Task prompt:
Where a line below holds the string "Brown", that line goes into the answer.
[Extracted material Boundary: Start]
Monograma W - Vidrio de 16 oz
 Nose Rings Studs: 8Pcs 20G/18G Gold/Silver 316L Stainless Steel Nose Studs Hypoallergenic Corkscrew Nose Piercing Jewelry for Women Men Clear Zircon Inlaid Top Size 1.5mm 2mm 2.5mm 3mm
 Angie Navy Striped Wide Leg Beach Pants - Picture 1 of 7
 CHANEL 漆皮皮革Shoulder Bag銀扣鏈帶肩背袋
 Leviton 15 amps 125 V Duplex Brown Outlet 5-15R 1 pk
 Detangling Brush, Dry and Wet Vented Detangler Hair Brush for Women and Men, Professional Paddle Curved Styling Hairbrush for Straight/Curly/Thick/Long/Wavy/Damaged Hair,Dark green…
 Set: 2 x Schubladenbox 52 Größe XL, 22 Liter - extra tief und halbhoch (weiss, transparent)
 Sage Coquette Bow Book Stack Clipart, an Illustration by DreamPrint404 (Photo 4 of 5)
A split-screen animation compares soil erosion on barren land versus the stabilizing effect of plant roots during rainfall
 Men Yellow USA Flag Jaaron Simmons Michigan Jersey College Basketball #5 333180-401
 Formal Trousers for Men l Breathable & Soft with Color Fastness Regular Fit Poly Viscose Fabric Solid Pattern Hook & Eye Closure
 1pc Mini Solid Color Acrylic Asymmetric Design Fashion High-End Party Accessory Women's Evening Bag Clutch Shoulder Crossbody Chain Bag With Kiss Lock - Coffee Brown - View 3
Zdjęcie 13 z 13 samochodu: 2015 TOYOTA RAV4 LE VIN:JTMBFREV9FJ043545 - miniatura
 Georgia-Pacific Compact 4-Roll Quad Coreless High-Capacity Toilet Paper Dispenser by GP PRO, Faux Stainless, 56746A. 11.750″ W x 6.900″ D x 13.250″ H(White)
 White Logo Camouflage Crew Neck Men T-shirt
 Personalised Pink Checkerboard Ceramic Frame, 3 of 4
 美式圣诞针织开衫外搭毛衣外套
[Extracted material Boundary: End]
Exercise result:
 Leviton 15 amps 125 V Duplex Brown Outlet 5-15R 1 pk
 1pc Mini Solid Color Acrylic Asymmetric Design Fashion High-End Party Accessory Women's Evening Bag Clutch Shoulder Crossbody Chain Bag With Kiss Lock - Coffee Brown - View 3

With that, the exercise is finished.